En Grèce, Lucas Papadémos est l’ancien vice-président de la Banque Centrale Européenne. Son gouvernement est une alliance qui regroupe le PASOK (équivalent local du PS), la Nouvelle démocratie (droite officielle) et enfin le parti d’extrême-droite l’Alerte populaire orthodoxe (LAOS). C’est la première fois depuis 1974 (c’est-àdire la fin de la dictature des colonels) que l’extrême-droite entre au gouvernement grec. Voilà donc les ‘‘hommes de la situation’’.
Ce nouveau développement politique de la crise économique illustre la gravité de cette crise pour la classe capitaliste ainsi que sa panique.
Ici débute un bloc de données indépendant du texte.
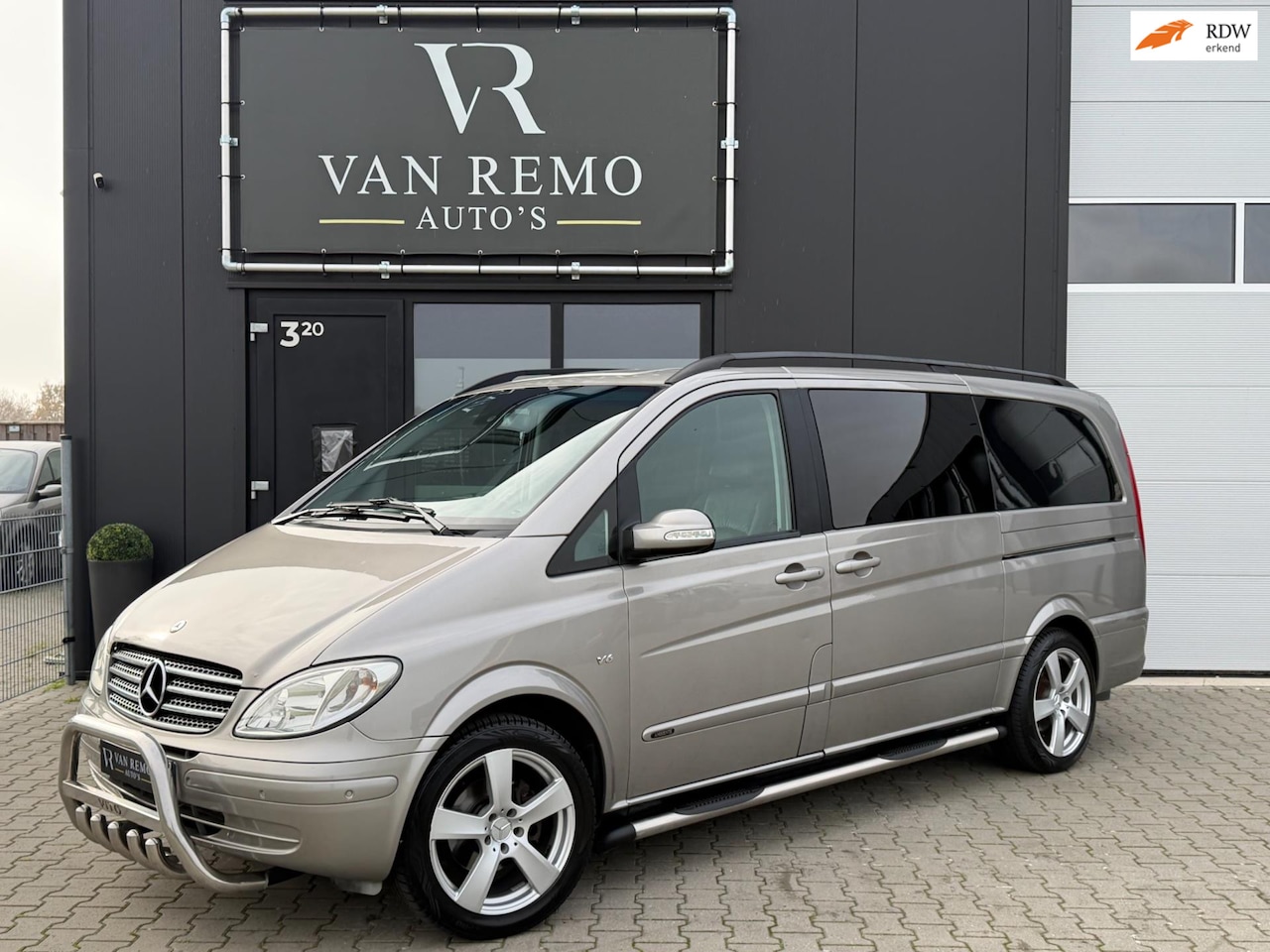 Mercedes-Benz Viano - 3.0 CDI Lang Aut|Leder|Stoelv|5-Zits|Dubbel Cabine|Trekhaak! - AutoWereld.nl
Avec l’aide de la troïka – Fonds Monétaire International (FMI), Union Européenne et Banque Centrale Européenne – les marchés ont balayé le suffrage universel pour placer directement leurs propres pions et assurer ainsi que l’austérité soit promptement appliquée. Cette menace pèse sur tous les pays.
Pour une grève générale européenne !
Face à la crise de l’euro, le danger du développement d’un repli nationaliste, même ‘‘de gauche’’, existe. Nous devons défendre nos droits sociaux durement acquis contre les prédateurs capitalistes internationaux, c’est vrai, mais aussi nationaux. Ainsi, nous nous sommes toujours opposés à l’Union Européenne du capital, mais sans pour cela tomber dans le piège du nationalisme. C’est en ce sens que nos sectionssoeurs en Irlande et en France avaient mené campagne contre la Constitution Européenne et le Traité de Lisbonne qui lui a succédé, mais sur base d’un programme de lutte pour défendre tous les acquis sociaux et propager l’idée d’une Fédération socialiste européenne.
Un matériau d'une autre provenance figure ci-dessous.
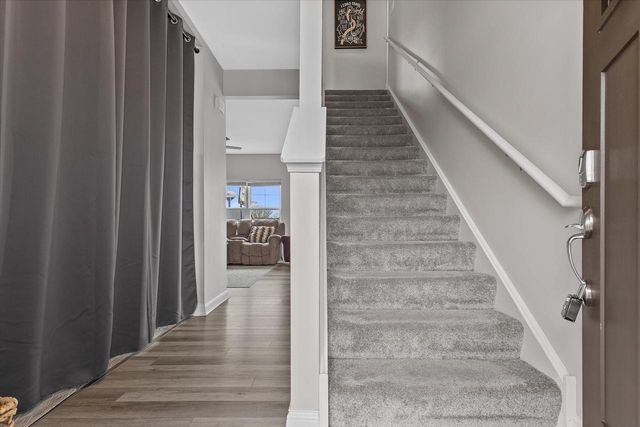 203 Linden LANE, Delavan, WI 53115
Divisés, nous sommes faibles. Opposons à la dictature des marchés une résistance internationale. C’est tout à fait possible. La volonté de lutter contre l’austérité ne manque pas. En France, les syndicats appellent à une journée de mobilisation pour le 13 décembre. En Grande Bretagne, une grève générale d’ampleur historique a frappé les services publics le 30 novembre. Le Portugal (le 24 novembre), l’Italie (le 6 septembre) et l’Espagne (le 6 décembre également) ont connu des grèves générales et la Grèce a déjà une bonne douzaine de grèves générales derrière elle. Qu’attend-on encore pour unifier la résistance ?
Le 7 décembre, la Fédération Européenne des Métallos a appelé à une grève européenne sur tous les sites d’ArcelorMittal, sur base directe de l’annonce de la fermeture de la phase à chaud liégeoise, mais aussi pour répondre aux menaces diverses dans tous les sites de la multinationale. Cet exemple doit être suivi et développé. Il est grand temps de nous diriger vers une journée de grève générale européenne, première étape d’un plan d’action européen contre l’austérité capitaliste.
L’une des revendications les plus cruciales de ce plan d’action devrait être d’assurer que les travailleurs et leurs familles puissent avoir le contrôle des décisions économiques prises dans leurs pays, par la nationalisation des secteurs clés de l’économie (énergie, sidérurgie, finance,…) sous le contrôle démocratique des travailleurs. La démocratie réelle passe par le contrôle de l’économie et le renversement du chaos capitaliste, par l’instauration d’une production démocratiquement planifiée.